Dacia accélère le pas sur la voie du renouveau: le Jogger vient fraîchement de débarquer dans la gamme du constructeur roumain. Ce véhicule sept places (en option) succèdera au Lodgy, même si les cadres de la marque nient, officiellement, tout rapport de descendance entre les deux. Esthétiquement, il est vrai que le lien de filiation ne saute pas aux yeux, la carrosserie du Jogger se présentant comme un curieux mélange entre break, ludospace et SUV. Surtout, le Jogger reprend la bien plus moderne plateforme CMF-B du Groupe Renault, étrennée en 2019 par les Clio et Captur. A la différence près que les ingénieurs roumains en ont tiré un véhicule de 4,55 m de long (contre 4,23 m pour le Captur) et à l’empattement de 2,90 m (2,64 m sur le Captur). Il fallait bien ça pour accueillir une troisième rangée de sièges optionnelle et garantir de l’espace pour tous!
Habitabilité remarquable
Lors de notre passage à l’IAA de Munich, nous avons pu «faire connaissance» avec le Jogger. A l’intérieur, sans surprise, les plastiques noirs et bon marché dictent leur loi, mais il ne saurait en être autrement sur un véhicule dont le prix de base est fixé à 15 000 euros. L’habitabilité pour les passagers de la deuxième rangée est remarquable, même pour la tête, en dépit d’une assise relevée de 55 mm (!) en comparaison avec les sièges avant. Les fauteuils du rang trois sont à leur tour perchés 25 mm plus haut que la banquette arrière. Malgré cette caractéristique, Dacia promet une garde au toit de 85 mm pour les occupants du troisième rang – qui auront intérêt à être des enfants. Pas juste en raison de l’espace limité pour la tête pour les grands gabarits, mais aussi pour l’accès un brin compliqué vers les sièges du fond. La banquette du milieu – qui s’avance et s’escamote – n’est pas en cause, cela coince davantage à cause de la faible hauteur du toit (1,63 m).

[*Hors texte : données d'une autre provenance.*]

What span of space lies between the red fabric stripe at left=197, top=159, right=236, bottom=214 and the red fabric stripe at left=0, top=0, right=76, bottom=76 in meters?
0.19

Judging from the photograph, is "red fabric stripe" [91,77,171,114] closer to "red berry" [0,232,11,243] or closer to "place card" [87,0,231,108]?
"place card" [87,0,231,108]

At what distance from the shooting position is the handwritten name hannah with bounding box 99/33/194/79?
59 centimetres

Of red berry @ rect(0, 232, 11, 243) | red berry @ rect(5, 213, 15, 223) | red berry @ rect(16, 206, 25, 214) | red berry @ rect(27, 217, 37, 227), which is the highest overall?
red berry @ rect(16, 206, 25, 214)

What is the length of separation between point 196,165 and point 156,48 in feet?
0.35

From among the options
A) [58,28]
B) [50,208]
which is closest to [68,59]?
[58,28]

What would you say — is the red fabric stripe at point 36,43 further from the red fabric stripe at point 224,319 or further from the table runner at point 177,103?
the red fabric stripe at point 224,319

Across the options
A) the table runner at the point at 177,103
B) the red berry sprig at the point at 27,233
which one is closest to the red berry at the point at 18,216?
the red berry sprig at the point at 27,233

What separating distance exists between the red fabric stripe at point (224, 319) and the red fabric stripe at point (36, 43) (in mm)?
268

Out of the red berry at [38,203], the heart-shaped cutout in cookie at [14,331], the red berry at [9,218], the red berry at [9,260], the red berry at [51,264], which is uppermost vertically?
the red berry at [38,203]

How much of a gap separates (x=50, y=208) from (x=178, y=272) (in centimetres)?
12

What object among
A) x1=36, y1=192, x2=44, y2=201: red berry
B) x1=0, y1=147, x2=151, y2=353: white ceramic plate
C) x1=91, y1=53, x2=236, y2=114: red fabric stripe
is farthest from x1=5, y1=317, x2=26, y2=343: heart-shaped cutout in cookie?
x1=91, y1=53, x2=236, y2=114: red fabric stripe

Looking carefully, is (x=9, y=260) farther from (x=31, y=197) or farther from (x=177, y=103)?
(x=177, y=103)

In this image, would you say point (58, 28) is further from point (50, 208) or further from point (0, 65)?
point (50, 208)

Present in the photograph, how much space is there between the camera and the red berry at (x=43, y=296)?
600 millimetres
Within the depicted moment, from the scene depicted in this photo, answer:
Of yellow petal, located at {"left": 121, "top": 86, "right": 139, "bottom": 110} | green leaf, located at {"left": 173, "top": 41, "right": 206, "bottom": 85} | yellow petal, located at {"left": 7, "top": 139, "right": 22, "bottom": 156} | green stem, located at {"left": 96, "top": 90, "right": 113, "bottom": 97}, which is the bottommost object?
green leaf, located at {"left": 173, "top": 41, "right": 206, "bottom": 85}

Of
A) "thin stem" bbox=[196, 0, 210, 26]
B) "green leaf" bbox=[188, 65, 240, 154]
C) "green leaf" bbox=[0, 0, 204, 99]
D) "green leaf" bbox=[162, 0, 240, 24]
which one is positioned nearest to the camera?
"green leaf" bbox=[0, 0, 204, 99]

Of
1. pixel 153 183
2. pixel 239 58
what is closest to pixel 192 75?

Le volume du coffre souffrira logiquement de la présence de la troisième rangée, puisqu’il sera réduit à 160 litres – ou 565 l, sièges rabattus. Si ce n’est toujours pas assez, il est possible de complètement démonter les sièges du fond, ce qui fera grimper le volume de chargement à la valeur impressionnante de 708 litres, voire 1819 litres banquette repliée.
Hybride en… 2023
A l’autre extrémité de l’auto, dans la salle des machines, deux trois-cylindres seront disponibles au lancement. Un «traditionnel» TCe 110 de… 110 chevaux (et 200 Nm) et un plus inhabituel Eco-G 100 (devinez le nombre de chevaux), fonctionnant à l’essence et au GPL. Dacia promet une autonomie de 1100 km grâce au double réservoir (40 litres pour le GPL, 50 l pour l’essence). Une motorisation hybride est aussi prévue, mais elle n’arrivera pas avant une éternité: son lancement est prévu pour 2023. «Si j’étais obligé de proposer le moteur hybride maintenant, je devrais ajouter 3000 euros sur le prix. Personne ne m’achèterait un Jogger à ce prix-là, justifie Denis Le Vot, directeur général de Dacia. Par contre, en 2023, la technologie E-Tech, que nous reprendrons de la Clio, aura 4 ans. D’ici là, nous en aurons vendues entre 600 000 et 1 million d’unités, cette technologie aura été amortie financièrement.» Plus près de nous, le lancement commercial en Suisse du Jogger est prévu pour début 2022.